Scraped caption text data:
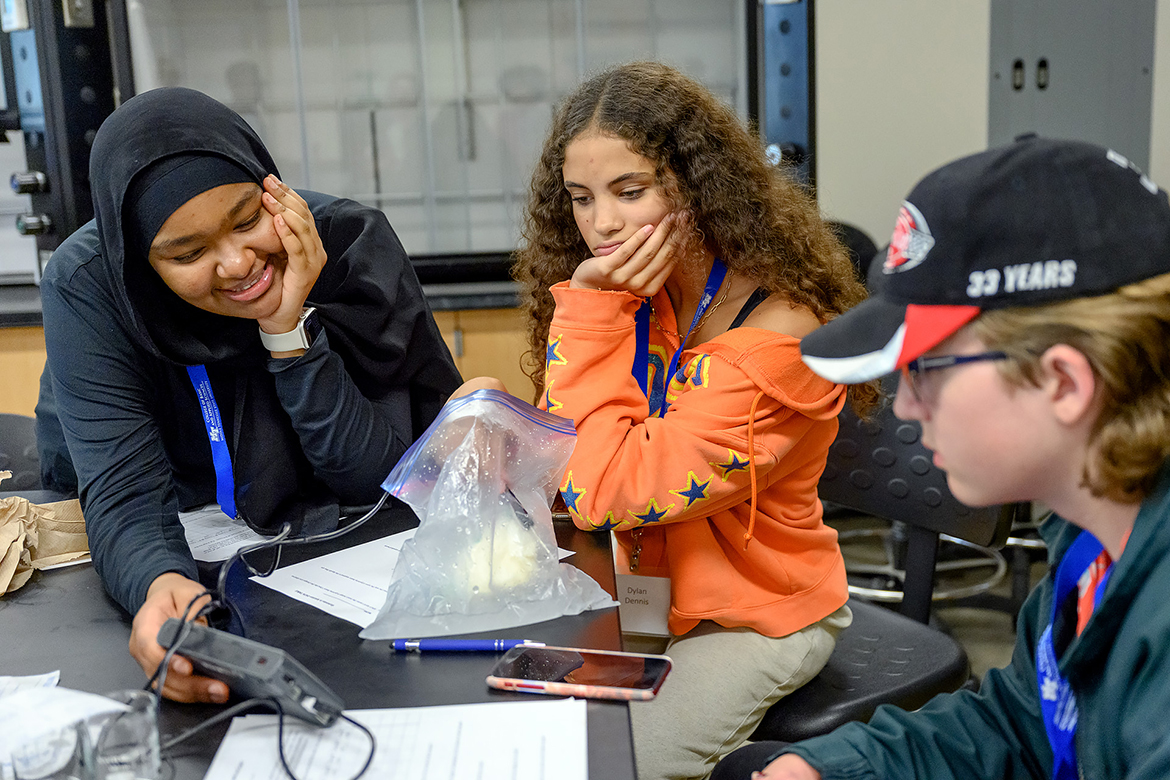 roblem during the second MiddleTennessee State University College of Basic and Applied Sciences STEM summer camp at MTSU. The camp gives young students a taste of biology, chemistry, math, science education, physics and engineering technology through fun activities and events with real professors in a college setting. (MTSU photo by J. Intintoli)
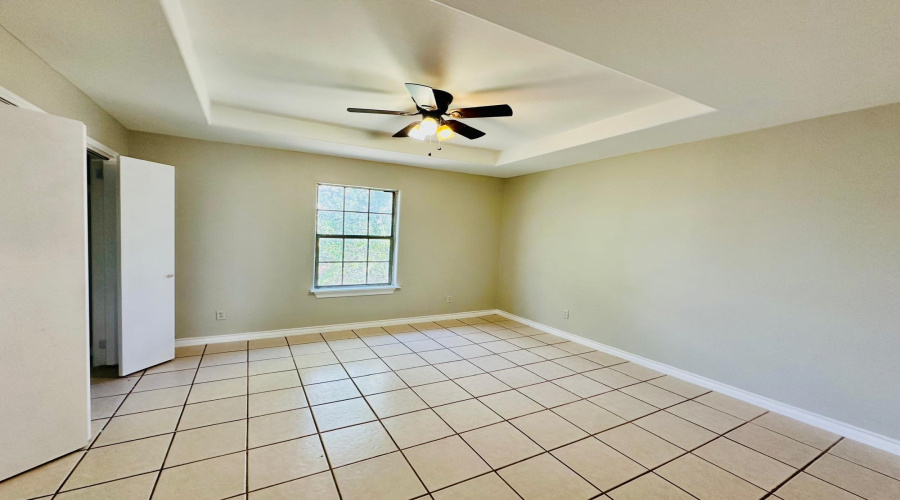 2005 Cross St, Laredo, Texas 78046, 2 Bedrooms Bedrooms, 5 Rooms Rooms,1 BathroomBathrooms,Residential,For Rent,2005 Cross St,20261178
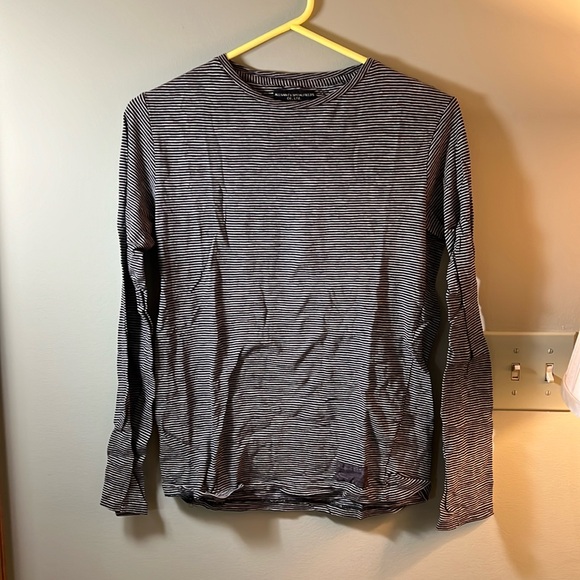 All saints tee - Picture 1 of 3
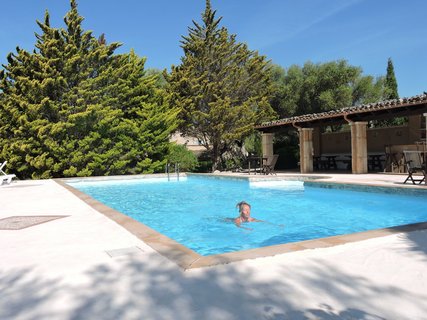 Pool der Yoga Finca Son Mola Vell auf Mallorca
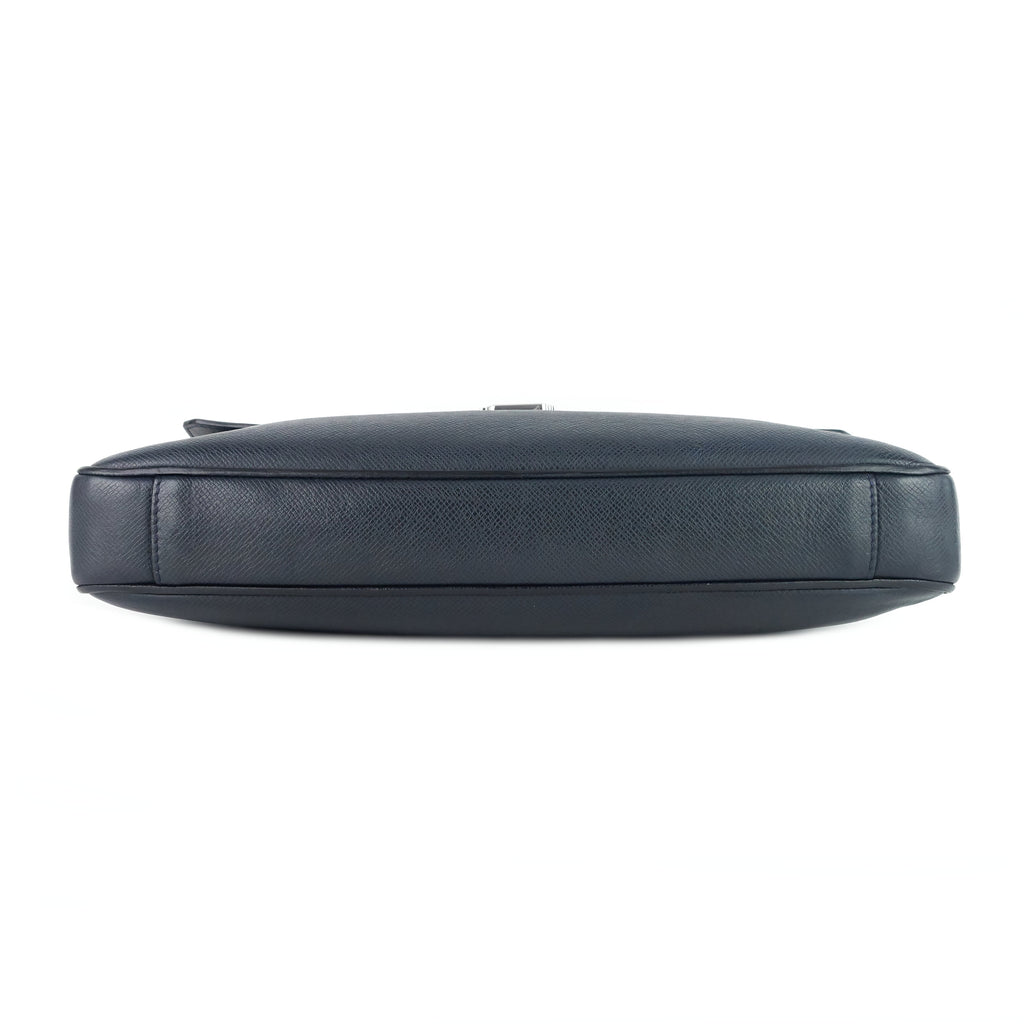 Louis Vuitto Vassili PM Taiga Leather Briefcase Bag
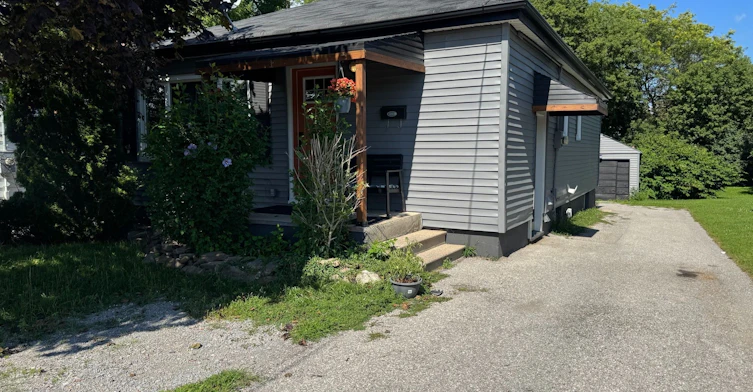 293 Oshawa Boulevard N, Oshawa, ON, L1G 5T2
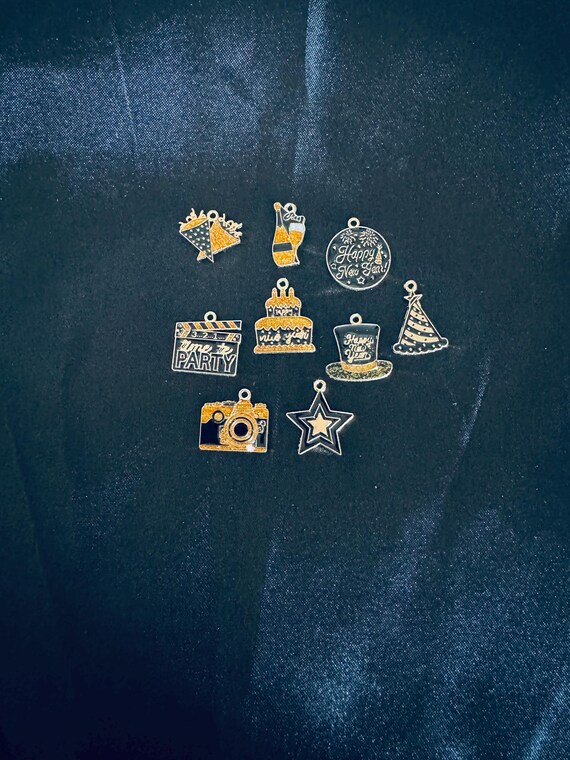 10 Piece New Years Charms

TRY IT: Before printing anything, remove the pictures; then print all the records exactly.

RESPONSE BOX:
 roblem during the second MiddleTennessee State University College of Basic and Applied Sciences STEM summer camp at MTSU. The camp gives young students a taste of biology, chemistry, math, science education, physics and engineering technology through fun activities and events with real professors in a college setting. (MTSU photo by J. Intintoli)
 2005 Cross St, Laredo, Texas 78046, 2 Bedrooms Bedrooms, 5 Rooms Rooms,1 BathroomBathrooms,Residential,For Rent,2005 Cross St,20261178
 All saints tee - Picture 1 of 3
 Pool der Yoga Finca Son Mola Vell auf Mallorca
 Louis Vuitto Vassili PM Taiga Leather Briefcase Bag
 293 Oshawa Boulevard N, Oshawa, ON, L1G 5T2
 10 Piece New Years Charms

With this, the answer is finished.